Copy each entry below unchanged; the images do not go in the copy.

**SOURCE DATA:**
##############################
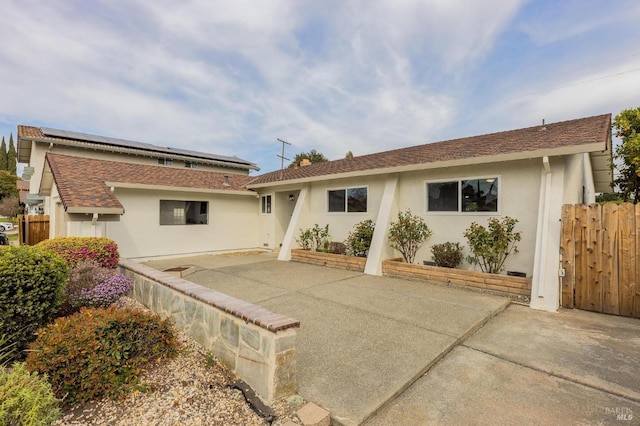 back of property featuring a patio area, fence, roof mounted solar panels, and stucco siding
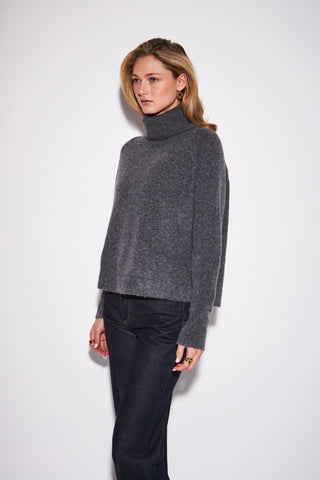 women wearing a charcoal sweater against a a neutral photo background. 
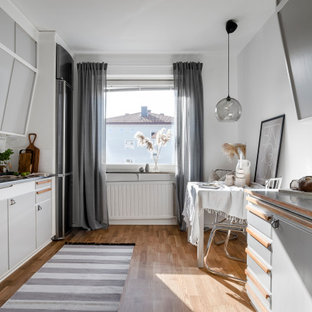 Inspiration för små skandinaviska grått kök, med en dubbel diskho, släta luckor, grå skåp, rostfria vitvaror och brunt golv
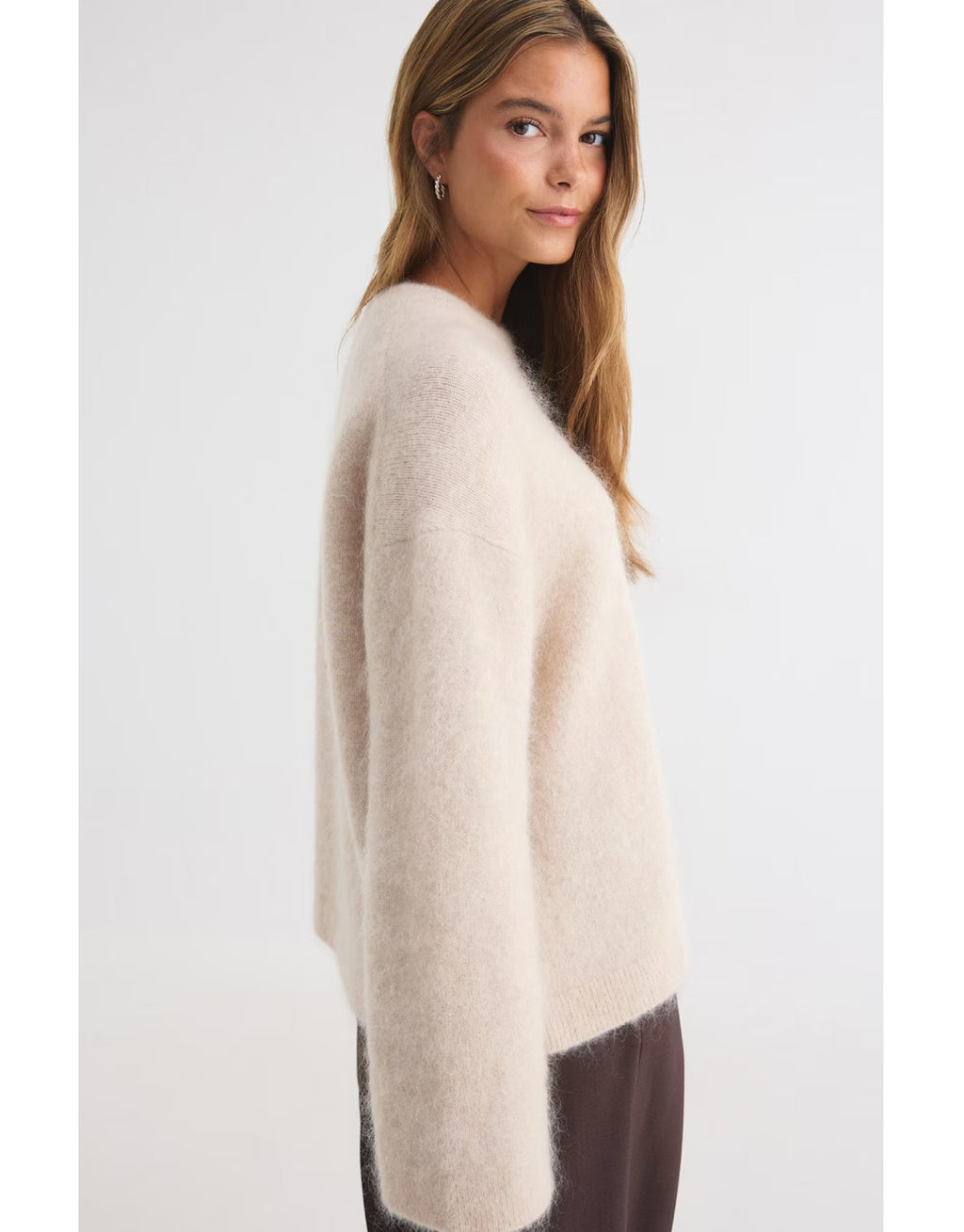  Beiger Mohair Pullover von Gina Tricot mit feiner, flauschiger Strickstruktur, lockerer Passform, langen Ärmeln und klassischem Rundhalsausschnitt am Model von der Seite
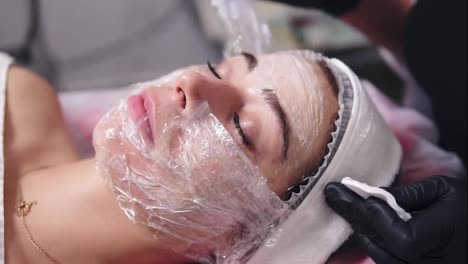 Professional-cosmetologist-is-cleaning-woman's-face-from-special-treatment-using-cotton-sponge.-Young-woman-is-lying-on-the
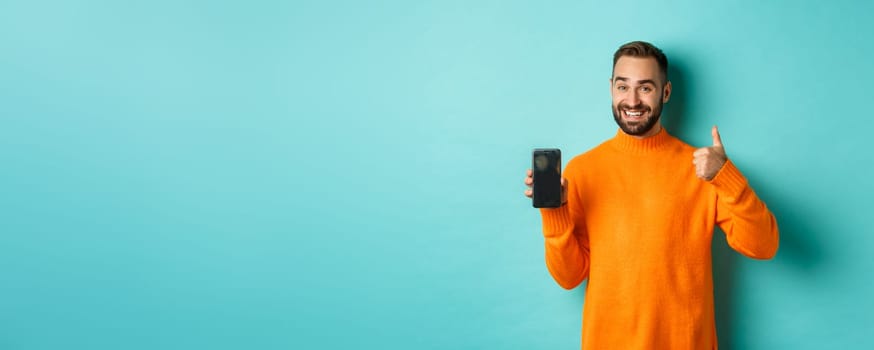 Attractive bearded man showing smartphone screen, thumbs up, recommending mobile app, standing satisfied over turquoise background.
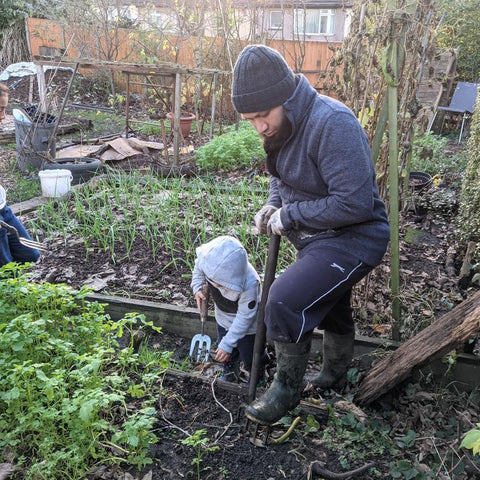 Mothin with his child, digging a raised bed in the garden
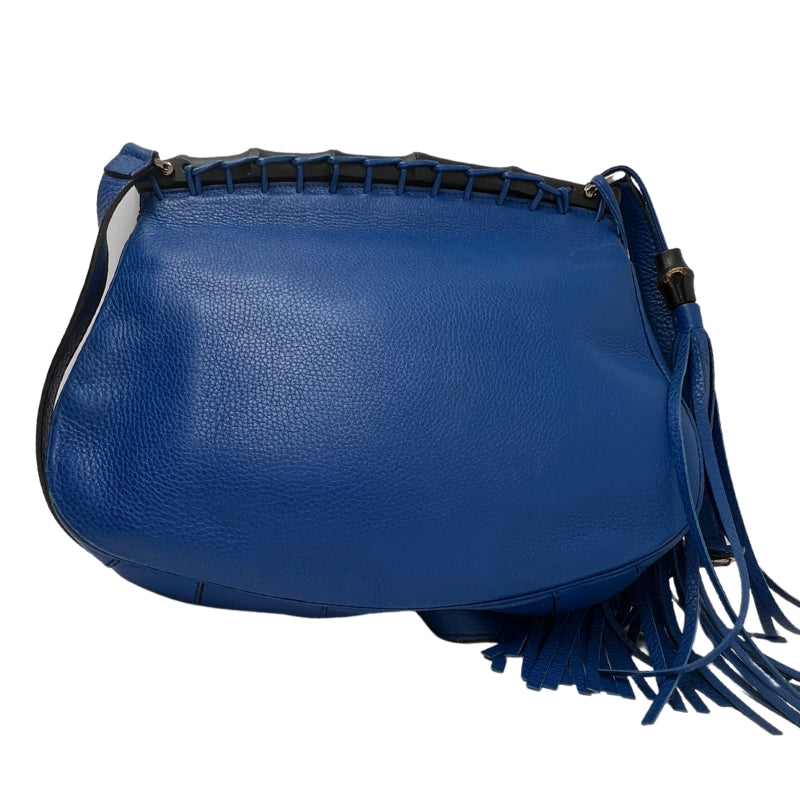 Back View:Blue Leather, Flap Bag, Two Tassels, Bamboo Top and Accents, Adjustable Leather Shoulder Strap. 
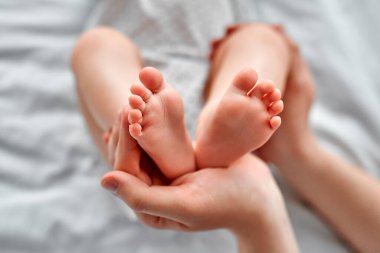 Yeni doğmuş bebeğinin küçük ayaklarıyla nazikçe okşayan mükemmel ciltli bir kadın. Aile mutluluğu ve küçük çocuklu sevgi dolu ebeveynler..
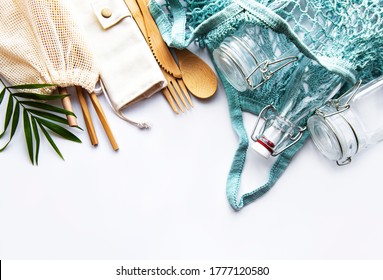 Cotton Bags, Net Bag With Reusable  Glass Jars, Bamboo And Wooden Cutlery On White Background. Zero Waste Concept. Eco Friendly. Flat Lay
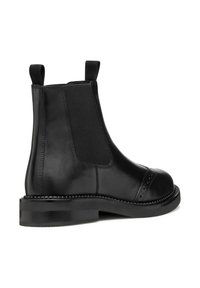 Stivale Chelsea in pelle nera con pannelli laterali elasticizzati, punta rotonda, dettagli brogue e una suola spessa con bordo cucito.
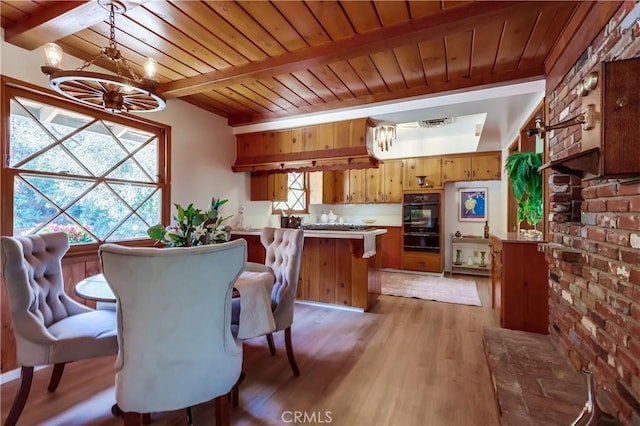 dining area with a chandelier, wood ceiling, beam ceiling, and light wood-style floors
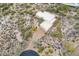 A breathtaking aerial shot showcasing the home's unique architecture and vast desert surroundings at 7211 E Rising Star Way, Carefree, AZ 85377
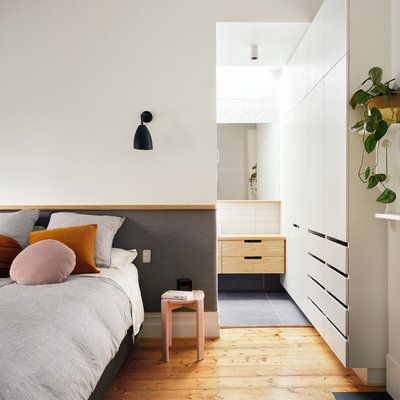 Bedroom - small contemporary master brown floor and medium tone wood floor bedroom idea in Melbourne with white walls and a standard fireplace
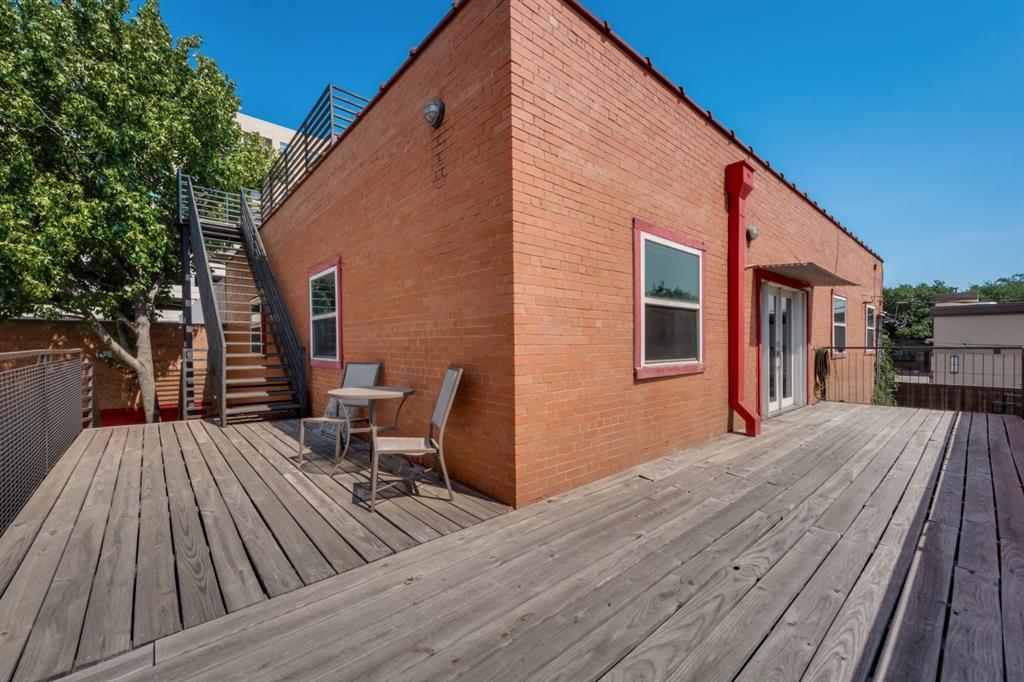 2700 Live Oak Street, Unit 101 Dallas, TX 75204 - Photo 12 of 29 a balcony view with a seating space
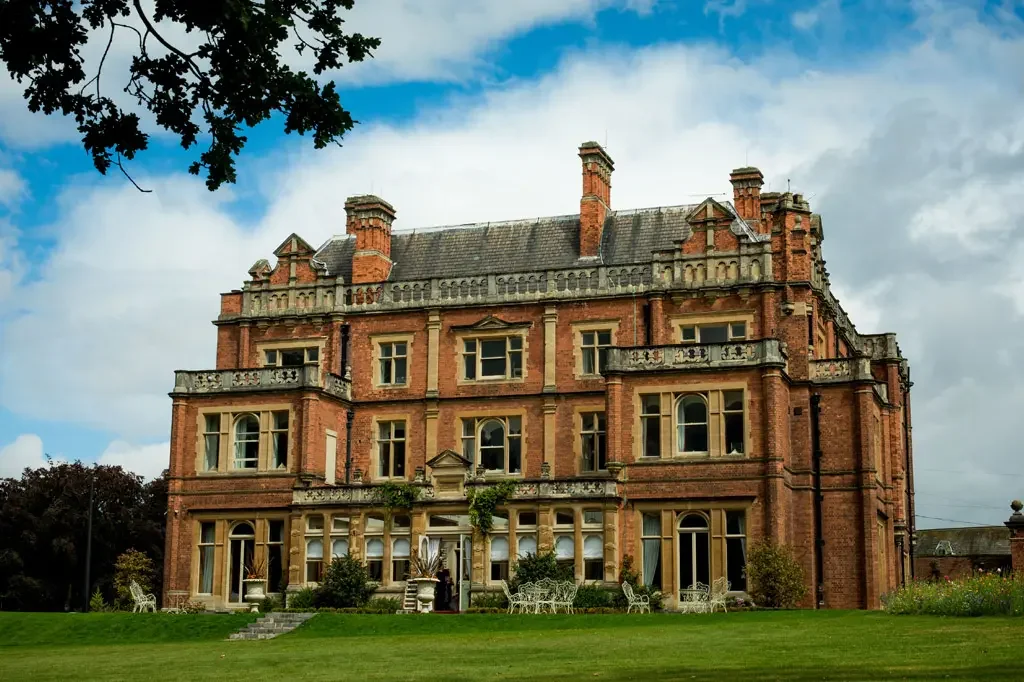 Exterior of Rossington Hall with red-brick facade, large windows, manicured gardens and blue sky.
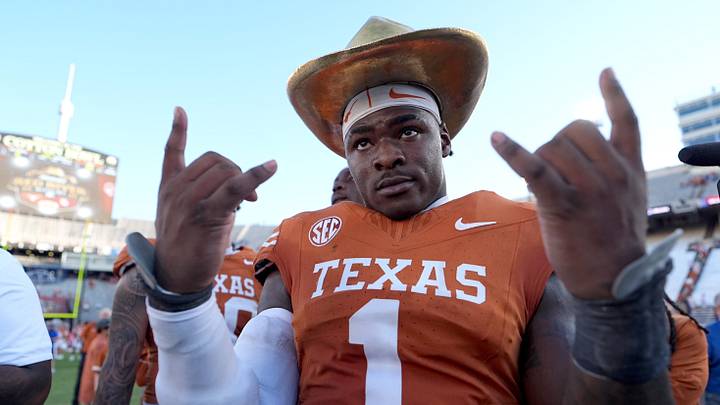 Texas Longhorns defensive end Colin Simmons (1) celebrates with the golden hat following the Red River Rivalry college football game. Texas Longhorns defensive end Colin Simmons (1) celebrates with the golden hat following the Red River Rivalry college football game.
##############################
**RESULT FOR THIS EXERCISE:**
 back of property featuring a patio area, fence, roof mounted solar panels, and stucco siding
 women wearing a charcoal sweater against a a neutral photo background. 
 Inspiration för små skandinaviska grått kök, med en dubbel diskho, släta luckor, grå skåp, rostfria vitvaror och brunt golv
  Beiger Mohair Pullover von Gina Tricot mit feiner, flauschiger Strickstruktur, lockerer Passform, langen Ärmeln und klassischem Rundhalsausschnitt am Model von der Seite
 Professional-cosmetologist-is-cleaning-woman's-face-from-special-treatment-using-cotton-sponge.-Young-woman-is-lying-on-the
 Attractive bearded man showing smartphone screen, thumbs up, recommending mobile app, standing satisfied over turquoise background.
 Mothin with his child, digging a raised bed in the garden
 Back View:Blue Leather, Flap Bag, Two Tassels, Bamboo Top and Accents, Adjustable Leather Shoulder Strap. 
 Yeni doğmuş bebeğinin küçük ayaklarıyla nazikçe okşayan mükemmel ciltli bir kadın. Aile mutluluğu ve küçük çocuklu sevgi dolu ebeveynler..
 Cotton Bags, Net Bag With Reusable  Glass Jars, Bamboo And Wooden Cutlery On White Background. Zero Waste Concept. Eco Friendly. Flat Lay
 Stivale Chelsea in pelle nera con pannelli laterali elasticizzati, punta rotonda, dettagli brogue e una suola spessa con bordo cucito.
 dining area with a chandelier, wood ceiling, beam ceiling, and light wood-style floors
 A breathtaking aerial shot showcasing the home's unique architecture and vast desert surroundings at 7211 E Rising Star Way, Carefree, AZ 85377
 Bedroom - small contemporary master brown floor and medium tone wood floor bedroom idea in Melbourne with white walls and a standard fireplace
 2700 Live Oak Street, Unit 101 Dallas, TX 75204 - Photo 12 of 29 a balcony view with a seating space
 Exterior of Rossington Hall with red-brick facade, large windows, manicured gardens and blue sky.
 Texas Longhorns defensive end Colin Simmons (1) celebrates with the golden hat following the Red River Rivalry college football game. Texas Longhorns defensive end Colin Simmons (1) celebrates with the golden hat following the Red River Rivalry college football game.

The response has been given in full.